This project taken up in earnest beginning August 24, 2022 after studying the Nyuzi core by Jeff Bush.
- 32 bit data path
- 8 vector lanes (parameterized), with lane masking capability
- 4 threads of execution (parameterized)
- 64 registers per thread
- unified floating-point and integer register file
- fixed 40 bit instructions
- fused floating-point multiply and add instruction
This core does not use any results forwarding. Instead results forwarding is avoided by using multiple threads of execution.
The author wanted to apply a slightly different ISA to a Nyuzi style pipeline. This meant a large number of changes to the instruction decoder and some changes to the front end to support immediate postfixes. To date the author has decided to roll his own core rather than modify the Nyuzi.
The rfPhoenix supports operations using requiring three register read ports whereas Nyuzi supports only two. Supporting three ports adds pressure to increase the size of instructions, consequently rfPhoenix has 40-bit instructions compared to Nyuzi's 32.
rfPhoenix has a 64-entry register file. The register spec needs an extra bit per register specified then. This also increases the pressure to use a wider instruction format. There is minimal benefit to scalar operations for increasing the register file to 64 entries instead of 32. There may be somewhat more benefit for vector operations.
The rfPhoenix uses fused compare-and-branch instructions whereas the Nyuzi uses a branch zero-non zero approach. The fused compare and branch helps make up some of the loss of code density for a wider instruction since it eliminates compares from the instruction stream.
rfPhoenix uses postfix immediate extensions to extend immediate constants. Nyuzi uses separate load hi instructions and additional registers. rfPhoenix's postfixes help increase code density and do not require using additional registers. The postfix immediate can also be applied to a wide range of instructions. The instruction and postfix are read as a single unit.
Instruction cache misses do not stall other threads from proceeding. Only the thread that missed stalls until the cache is loaded.
Floating point operations are now fully pipelined. The FMA requires eight clock cycles to perform. Some out-of-order execution of instructions is supported. Instructions for a particular thread will be performed in-order. However between threads instructions may execute out of order with respect to the order they were queued.
The register file contains 1024 32-bit registers to support 64 registers for 16 threads. Since there are that many vector register which are 512-bits in size, the register file is quite large. It consumes about 100 block rams. The author wanted a design supporting more than the usual 32 registers. The author would have preferred 128 registers but there is no easy way to encode that many in the ISA and still keep instructions a reasonable size.

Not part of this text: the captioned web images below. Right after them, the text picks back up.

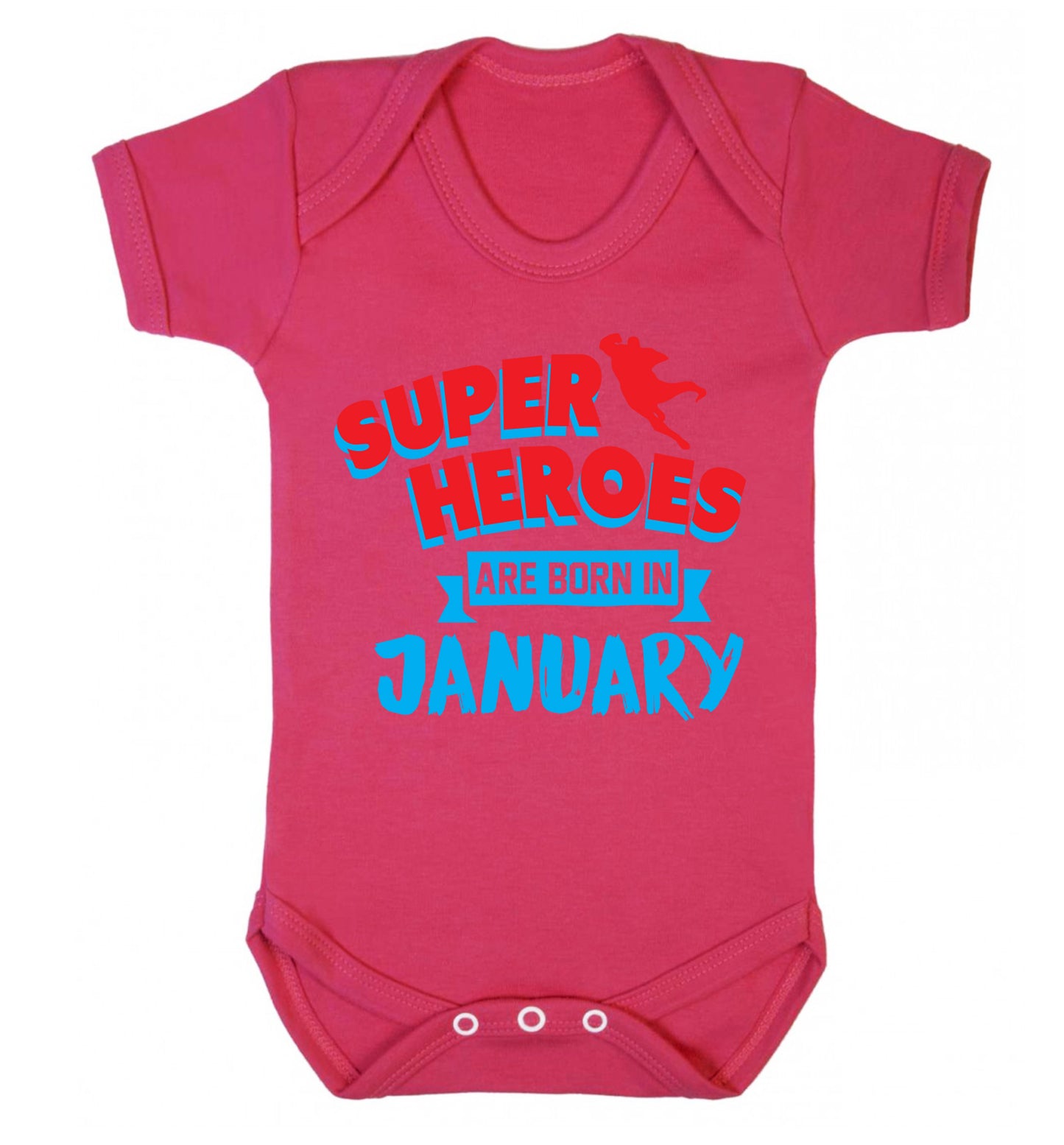 Superheros are born in January Baby Vest dark pink 18-24 months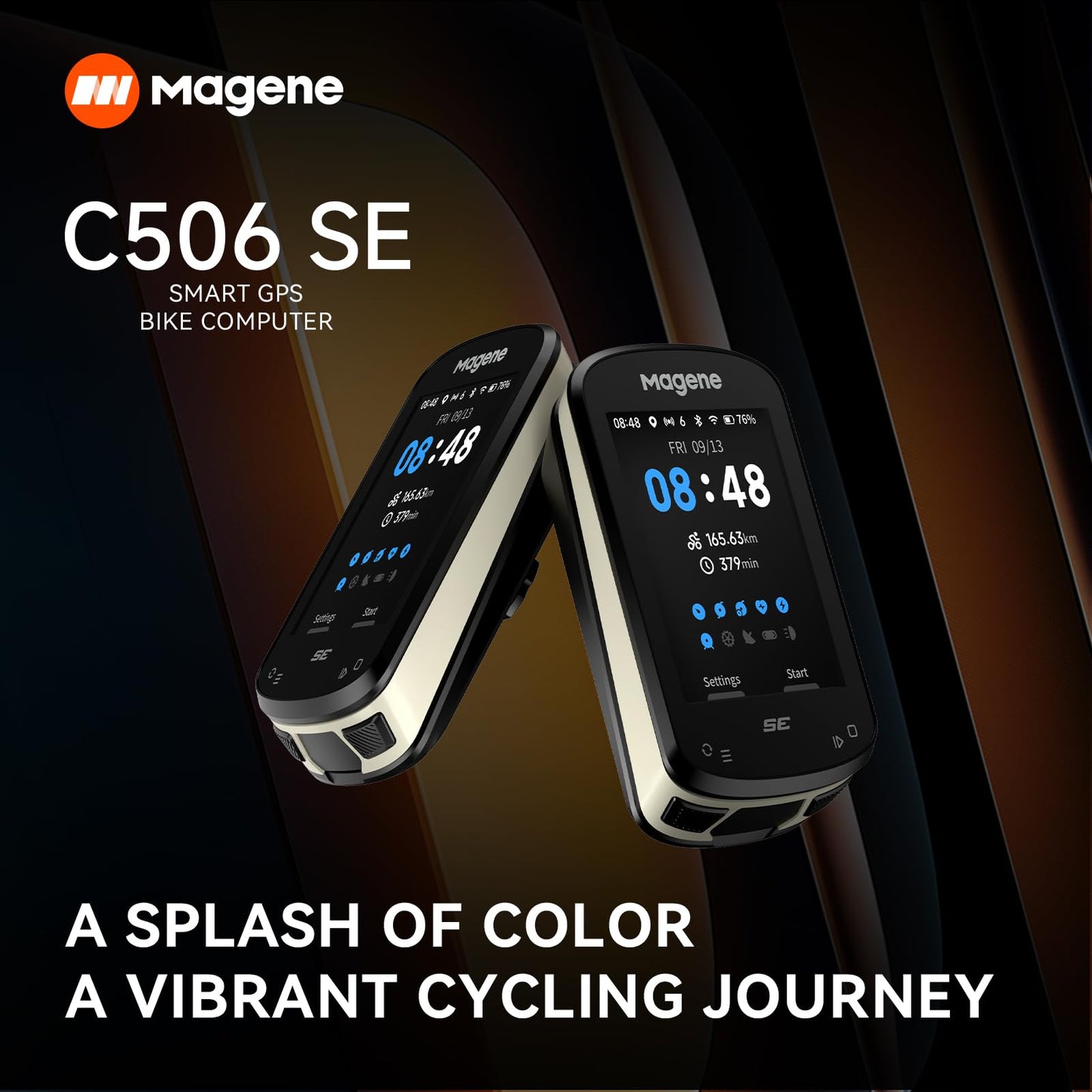 Magene C506SE Compteur Vélo GPS sans Fil, Écran Couleur Étanche de 2,4'', Navigation Routière, Bluetooth&WiFi, Données Personnalisées, 11 Langues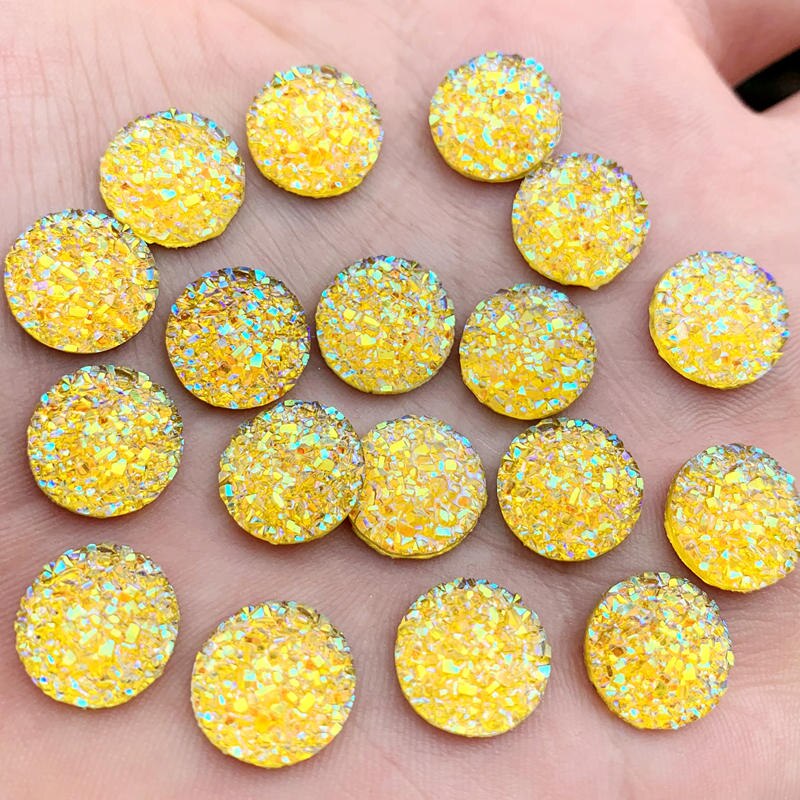 Cristal AB 12mm 80 pièces/lot de pierres précieuses en résine à dos plat, strass ronds à pois, pour décoration à faire soi-même
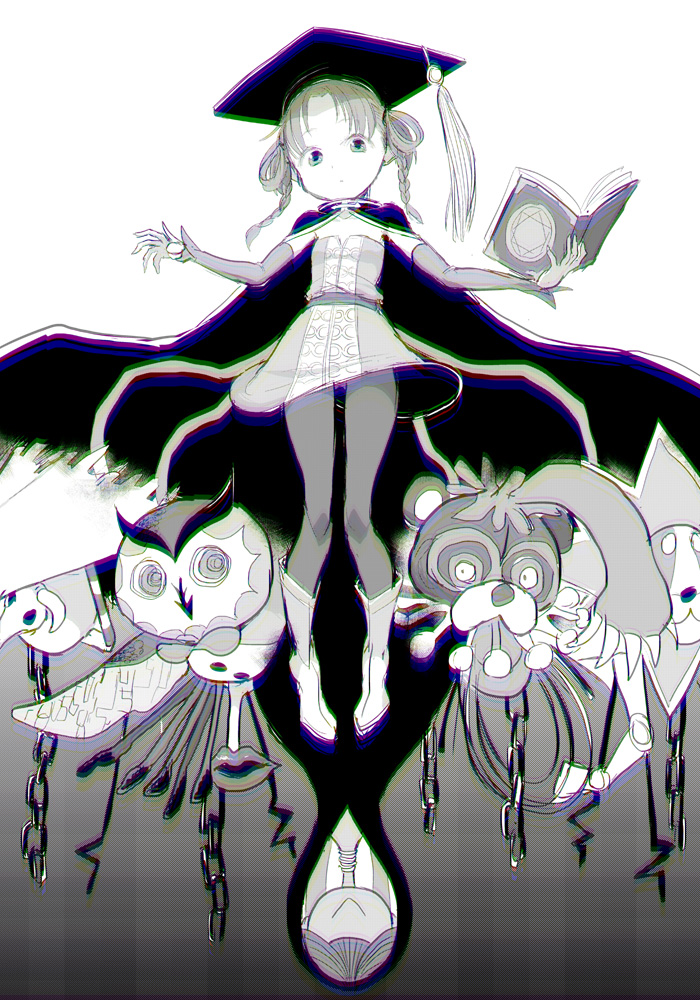 hiiragi nemu, kuchiyose ema no uwasa, misery owl no uwasa, uwasa-san, chelate mascot no uwasa, and 3 more (mahou shoujo madoka magica and 1 more) drawn by ken_(koala)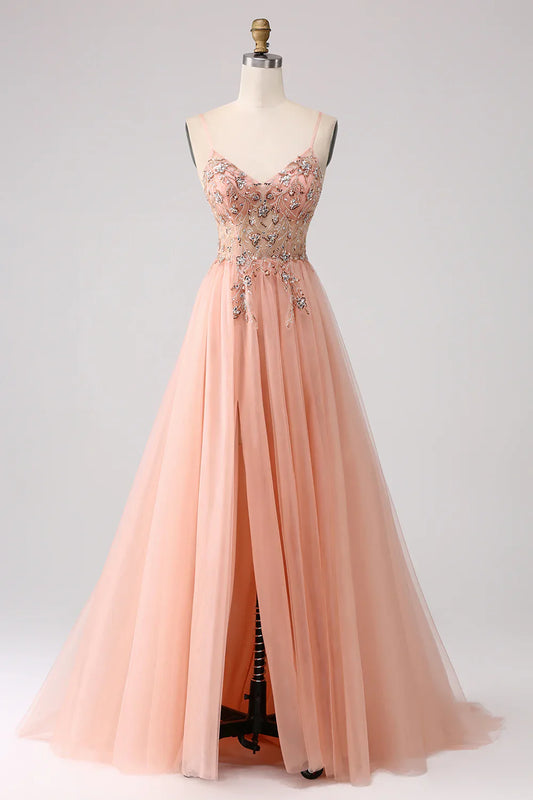 omberprom A-Line Evening Dress Spaghetti Straps Beaded Long Prom Dress With Slit Sparkly Blush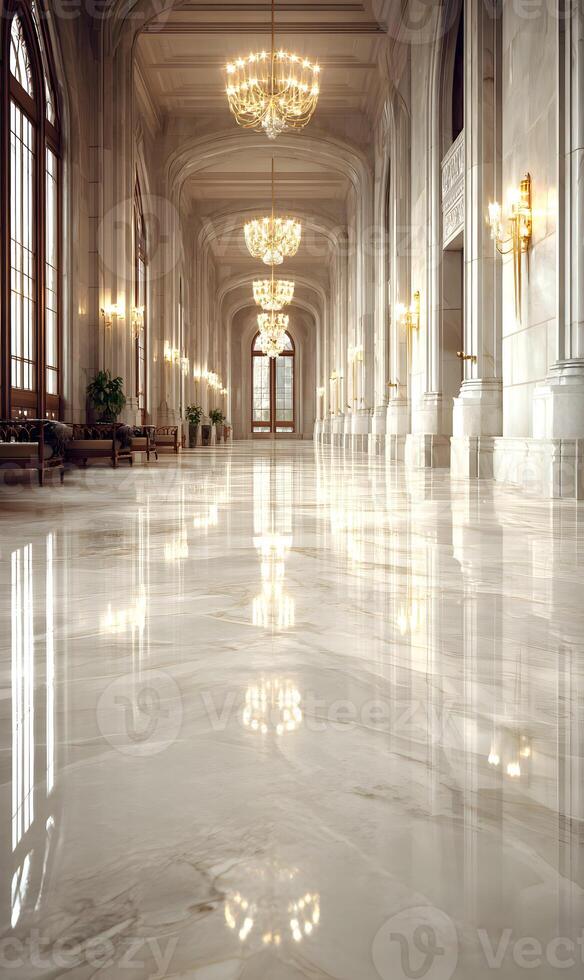 Elegance in the Palace Interior A Majestic Hallway Showcasing Opulent Chandeliers and Gleaming Marble Floors photo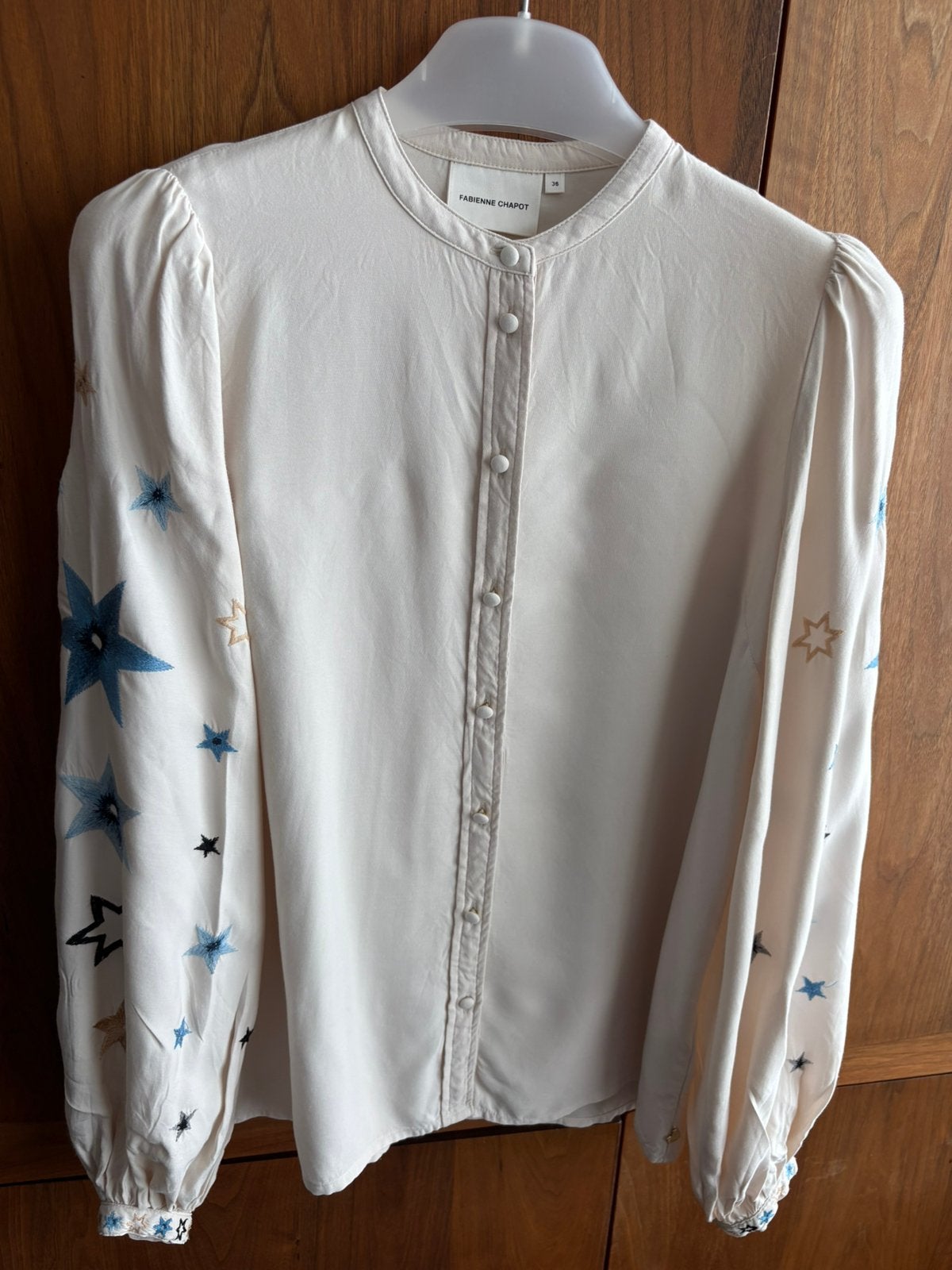 Blouse van Fabienne Chapot maat 36/38, Ophalen of Verzenden, Zo goed als nieuw, Maat 36 (S), Beige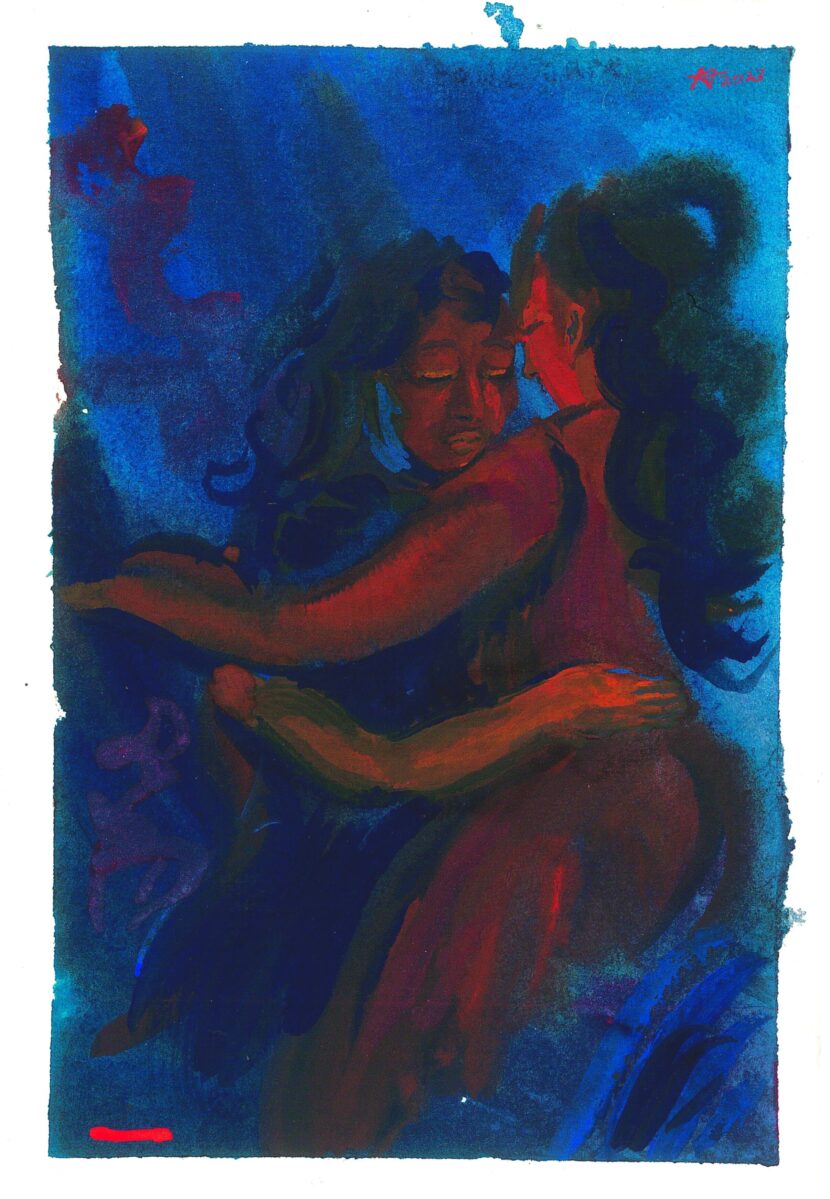 a painting of two women on a blue background
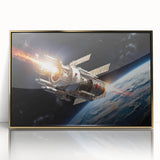 Satellite Launch Over Earth - Space-Themed Wall Art for Home Decor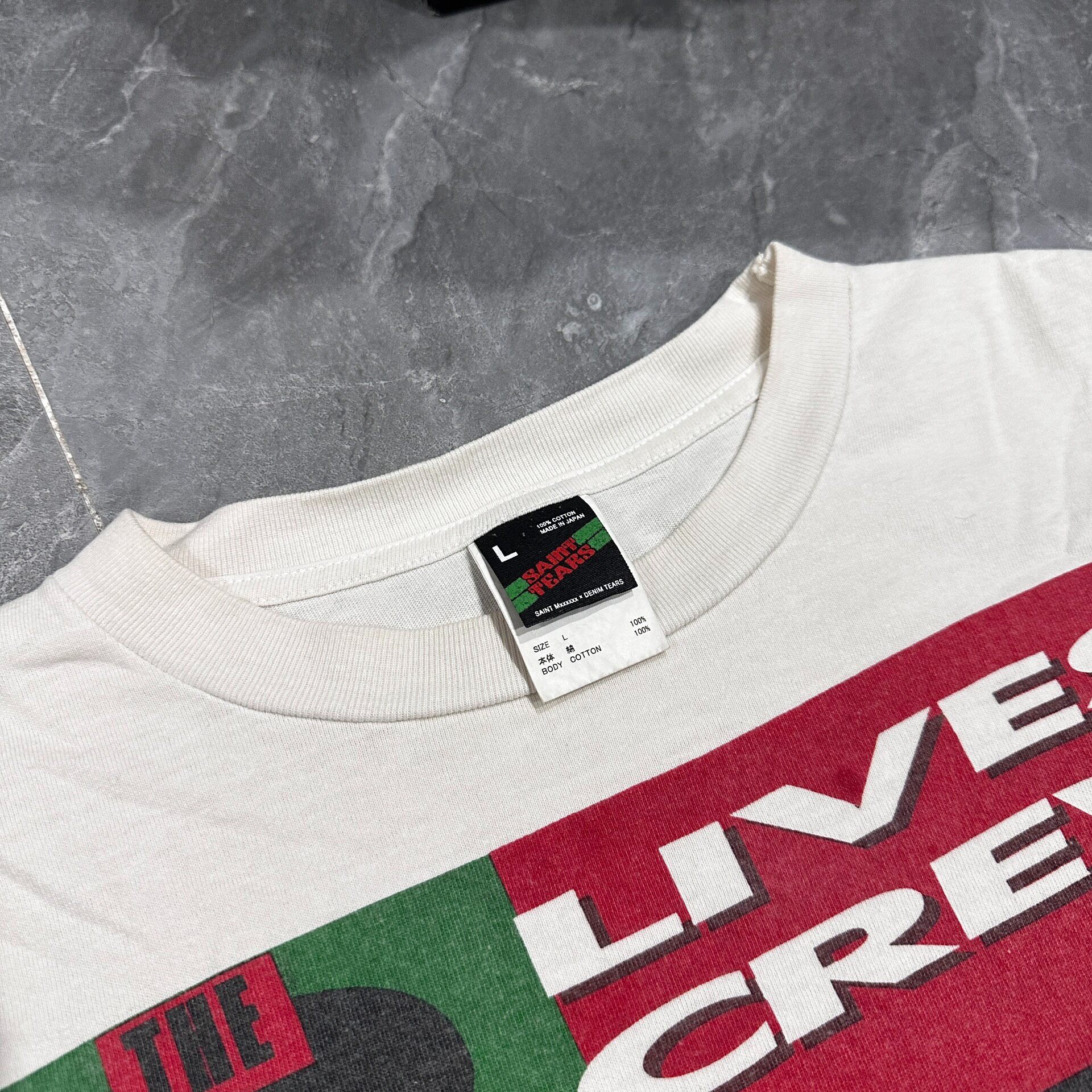 Saint Michael 2 Lives Crew Graphic Tee — detail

The author would say the registers are general purpose in nature but the typical ABI specifies specific register usages. The first 32 registers are general purpose, the remaining registers have an assortment of uses including vector mask registers, alternate stack pointers, and link registers. These other registers are implemented as part of the general register file so that existing instructions may be applied to them. In a pinch vector mask registers may be used as general purpose registers. There are also eight registers with unassigned usage. They may be used for floating-point for instance.
Vector mask registers are special in that they may be used to mask vector operations and are specified with a four-bit field in the instruction.
Basic ALU and shift operations are supported. Integer operations have register-register and register-immediate forms.
Fused multiply and add instructions make up most of the floating-point capabilities. Internal to the core, there are no independant add, subtract or multiply operations. FADD, FSUB, and FMUL use the FMA component with values set appropriately. There is no hardware divide operation. There is a reciprocal estimate function accurate to about eight bits. There is also a reciprocal square-root estimate function.
16-bit immediate values are supported directly in instructions. 32-bit immediates are created using an immediate postfix instruction. The postfix instruction may be applied to extend the addressing range of load and store operations.
Register specifications are six bit with an additional bit indicating the use of a vector or scaler register.
Because the instruction format is wide enough to support it, branches use a compare-and-branch approach. Two registers are compared then a branch takes place according to a selected condition. Comparing branches eliminate compares from the instruction stream. It is really a fused instruction operation.
Gathering loads and scattering stores are supported. Gather and scatter operations support only a tetra-byte size. Other load and store operations support byte, wyde and tetra sizes. Loads may automatically sign or zero extend to the machine's width.
Memory operations make use of a 10-bit address space identifier, ASID. Each thread may have its own ASID.
Still in the early stages of development there is little software for the core. There is a version of the vasm assembler that supports some of the instruction set, but it is still under construction.